Work required: Give back all of the data exactly.

(Extracted records)
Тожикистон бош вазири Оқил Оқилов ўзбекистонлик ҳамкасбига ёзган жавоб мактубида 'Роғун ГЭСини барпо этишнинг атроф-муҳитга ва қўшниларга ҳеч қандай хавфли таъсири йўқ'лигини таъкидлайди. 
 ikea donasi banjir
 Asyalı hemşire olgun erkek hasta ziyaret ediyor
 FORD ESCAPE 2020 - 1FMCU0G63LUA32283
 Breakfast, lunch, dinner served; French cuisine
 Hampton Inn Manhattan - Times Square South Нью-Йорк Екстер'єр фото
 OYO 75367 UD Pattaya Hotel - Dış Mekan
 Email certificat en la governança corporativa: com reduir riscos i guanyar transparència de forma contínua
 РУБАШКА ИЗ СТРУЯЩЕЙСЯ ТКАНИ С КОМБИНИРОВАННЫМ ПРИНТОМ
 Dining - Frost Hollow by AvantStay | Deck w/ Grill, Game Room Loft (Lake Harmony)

Solved exercise:
Тожикистон бош вазири Оқил Оқилов ўзбекистонлик ҳамкасбига ёзган жавоб мактубида 'Роғун ГЭСини барпо этишнинг атроф-муҳитга ва қўшниларга ҳеч қандай хавфли таъсири йўқ'лигини таъкидлайди. 
 ikea donasi banjir
 Asyalı hemşire olgun erkek hasta ziyaret ediyor
 FORD ESCAPE 2020 - 1FMCU0G63LUA32283
 Breakfast, lunch, dinner served; French cuisine
 Hampton Inn Manhattan - Times Square South Нью-Йорк Екстер'єр фото
 OYO 75367 UD Pattaya Hotel - Dış Mekan
 Email certificat en la governança corporativa: com reduir riscos i guanyar transparència de forma contínua
 РУБАШКА ИЗ СТРУЯЩЕЙСЯ ТКАНИ С КОМБИНИРОВАННЫМ ПРИНТОМ
 Dining - Frost Hollow by AvantStay | Deck w/ Grill, Game Room Loft (Lake Harmony)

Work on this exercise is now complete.